Introduction
Clinical trials for using hematopoietic stem cell transplant (HSCT) with gene therapies to cure sickle cell disease (SCD) began in 2019. The Food and Drug Administration (FDA) requires that 1) all gene therapy participants receive at least 15 years of ongoing surveillance and 2) their outcomes be compared to a contemporaneous cohort that did not receive gene therapy. Previously we developed an automated contemporaneous cohort of children and adults with SCD from electronic health record (EHR) data (Cronin RM et al. 2023, Blood Adv). Our work was built upon previously explored algorithms utilizing ICD codes and laboratory data to identify persons with sickle cell anemia (SCA), a severe form of SCD (Singh et al. 2018, Blood Adv). Still, our algorithm additionally classifies other predicted genotypes. However, we could not test the SCD phenotypes against the SCD genotypes due to the absence of beta-globin gene sequence data. Here we tested the hypothesis that our Vanderbilt-EHR algorithm for identifying a contemporaneous cohort at Vanderbilt can classify their predicted genotype compared to beta-globin gene sequencing, the gold standard for SCD diagnosis, in the cohort. We subsequently tested the Vanderbilt-EHR algorithm in an established cohort of children from St. Jude Children's Research Hospital that have been deeply phenotyped.
Methods
We applied the Vanderbilt-EHR algorithm to a cohort of 275 samples from Vanderbilt's biorepository of DNA, BioVU, linked to de-identified medical records in a data warehouse called the Synthetic Derivative. These 275 samples were previously submitted for whole genome sequencing as part of the Genetic Variation of Heart, Lung, and Kidney Disease in Sickle Cell Disease: Pre- and Post-Curative Therapies TOPMed project (HLK-SCD phs002617). The returned genotypes were validated using the hemoglobin variant database HbVar (Giardine BM et al. 2021, Nucleic Acids Res) (Table 1). We applied the hemoglobinopathy genotype classification portion of the algorithm to the Sickle Cell Clinical Research and Intervention Program (SCCRIP) cohort from St. Jude Children's Research Hospital, which includes putative genotype diagnoses derived from a comprehensive evaluation of clinical data for each member. We performed statistical analyses of the identification and classification results of the Vanderbilt cohort and the SCCRIP cohort's classification results.
Results
Of the 275 genotyped samples, the algorithm correctly predicted 255 SCD cases and 10 non-SCD cases. There were three cases predicted to be false positives; however, a comprehensive analysis showed that all have laboratory values indicative of SCA (high hemoglobin S levels >60%, absent or negligible hemoglobin A levels, elevated reticulocytes, and low mean corpuscular volume) suggesting that there may be a genotyping error. The remaining 7 cases were either indeterminate in the prediction or in the genotype (Table 1). Given the small number of indeterminate results, we performed a sensitivity analysis to identify the range of performance for SCD identification. The method performed very well with over 98% sensitivity and over 96% positive predictive value (PPV) (Table 2). The lower specificity and negative predictive value (NPV) could be largely attributed to the disproportionately high number of SCD cases in the dataset compared to non-SCD cases. The SCD classification algorithm performed similarly in both the VUMC and SCCRIP cohorts (Table 2). The algorithm performs best in identifying SC and SCA types of SCD with nearly 100% accuracy for SC and over 94% accuracy for SCA. Transfusions can confound the diagnosis of SCA vs. S beta thalassemia +, but the latter has a much lower prevalence consistent with our results (Table 2).
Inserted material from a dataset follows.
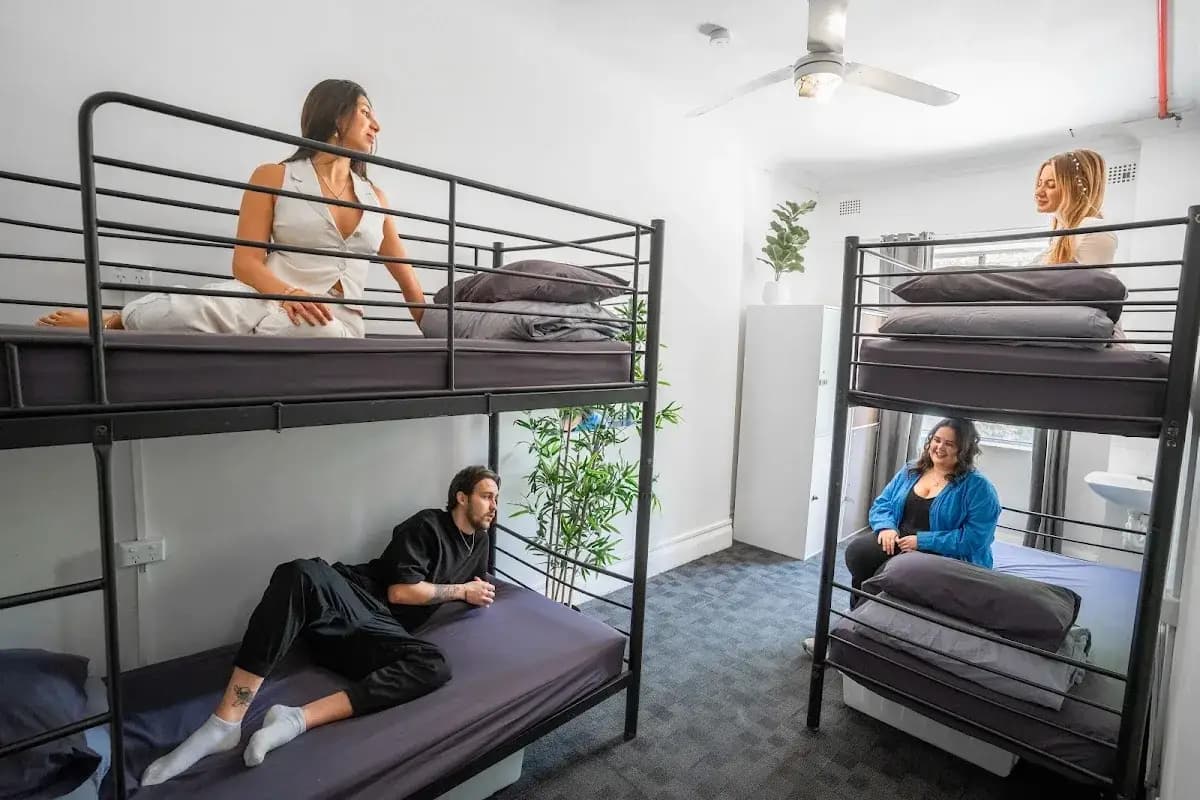 Mad Monkey East Side backpacker hostel in Kings Cross, NSW (photo 3 of 3)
Discussion and Conclusions
Larger SCD cohorts will be identified using these approaches in singular EHR databases and in de-identified data warehouses that EHR companies have developed by aggregating data across multiple EHR systems (e.g., EPIC Cosmos and Cerner Real-World Data). The ongoing need for contemporaneous comparison cohorts of persons with SCD to understand outcomes related to treatment and phenotype can be greatly assisted by accurate automated approaches. The Vanderbilt-EHR algorithm is the first to comprehensively phenotype SCD and other hemoglobinopathies involving variant hemoglobin beta alleles.
Disclosures
Saraf:Agios: Consultancy, Other: Advisory board; BEAM Therapeutics: Consultancy, Other: Advisory board; Novartis: Consultancy, Other: Advisory board, Research Funding; Forma Therapeutics: Consultancy, Other: Advisory board, Research Funding; GBT/Pfizer: Consultancy, Other: Advisory board, Research Funding, Speakers Bureau. Weiss:Forma Therapeutics: Consultancy; Dyne: Consultancy; Graphite Bio: Consultancy; Novartis: Consultancy; Cellarity Inc.: Consultancy. DeBaun:Novartis, Forma, Vertex: Consultancy, Other: Consulting.